Dikisahkan, ada seorang tamu asal Jakarta yang cukup ternama dan kaya raya bersedia membantu pembangunan masjid dan pembebasan lahan sekaligus, tapi Kyai Asrori mencegahnya. "Terima kasih, kasihan orang lain yang mau ikutan menyumbang, pahala itu jangan diambil sendiri, lebih baik dibagi-bagi", ujarnya.



Kini, di atas lahan seluas 2,5 hektar itu Kyai Asrori mendirikan Pondok Pesantren Al Fithrah dengan ratusan santri putra putri dari berbagai pelosok tanah air. Untuk menampungnya, pihak pesantren mendirikan beberapa bangunan lantai dua untuk asrama putra, ruang belajar mengajar, penginapan tamu, rumah induk dan asrama putri (dalam proses pembangunan) serta bangunan masjid yang cukup besar.

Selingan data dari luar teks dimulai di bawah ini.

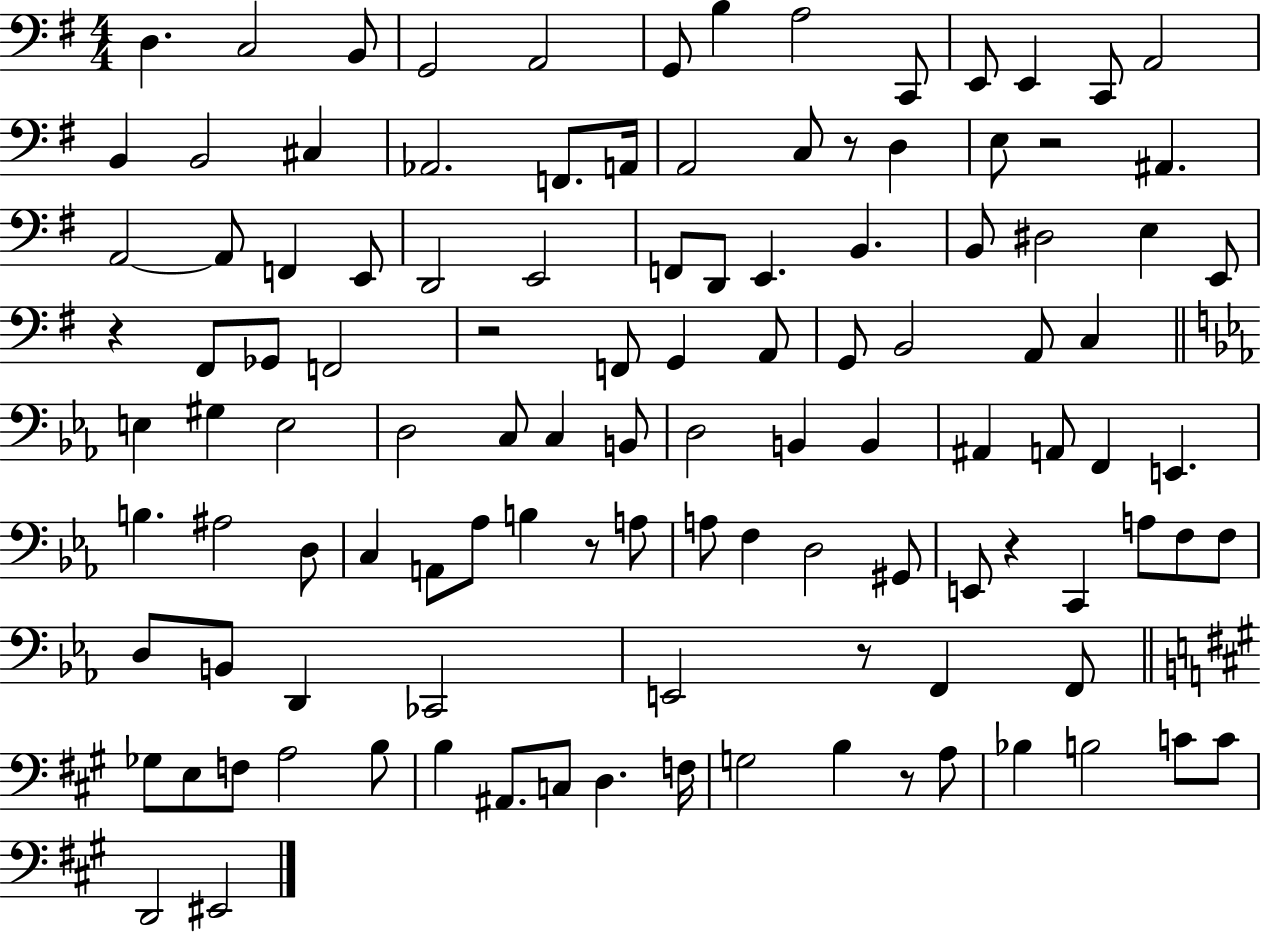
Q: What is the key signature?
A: G major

Itulah Kyai Asrori, keberhasilannya boleh jadi karena kepribadiannya yang moderat namun ramah, di samping kapasitas keilmuan tentunya. Murid-muridnya yang telah menyatakan baiat ke Kyai Asrori tidak lagi terbatas kepada masyarakat awam yang telah berusia lanjut saja, akan tetapi telah menembus ke kalangan remaja, eksekutif, birokrat hingga para selebritis ternama.

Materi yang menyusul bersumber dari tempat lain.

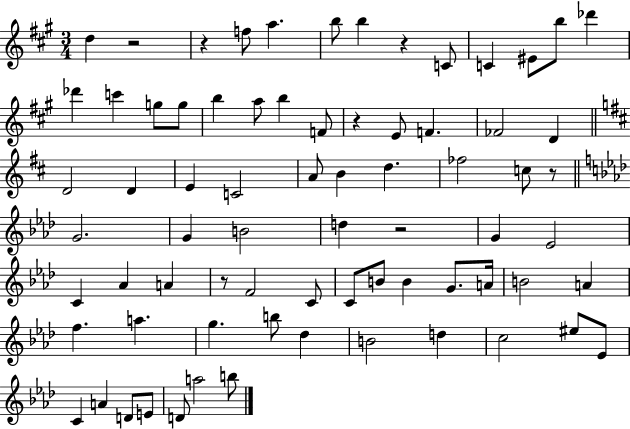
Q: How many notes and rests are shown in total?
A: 73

Jama'ahnya tidak lagi terbatas kepada para pecinta thariqah sejak awal, melainkan telah melebar ke komunitas yang pada mulanya justru asing dengan thariqah. Walaupun tak banyak diliput media massa, namanya tak asing lagi bagi masyarakat thariqah. Namun demikian, sekalipun namanya selalu dielu-elukan banyak orang, dakwahnya sangat menyejukkan hati dan selalu dinanti, Kyai Asrori tetap bersahaja dan ramah, termasuk saat menerima tamu. Beliau adalah sosok yang tidak banyak menuntut pelayanan layaknya orang besar, bahkan terkadang beliau sendiri yang menyajikan suguhan untuk tamu.

Tanda tanda menjadi panutan sudah nampak sejak masa mudanya. Masa mudanya dihabiskan untuk menuntut ilmu ke berbagai pondok pesantren di Jawa Timur dan Jawa Tengah. Kala itu Kyai Asrori muda yang badannya kurus karena banyak tirakat dan berambut panjang memiliki geng bernama "orong-orong", bermakna binatang yang keluarnya malam hari. Jama'ahnya rata-rata anak jalanan alias berandalan yang kemudian diajak mendekatkan diri kepada Allah lewat ibadah pada malam hari. Meski masih muda, Kyai Asrori adalah tokoh yang kharismatik dan disegani berbagai pihak, termasuk para pejabat dari kalangan sipil maupun militer.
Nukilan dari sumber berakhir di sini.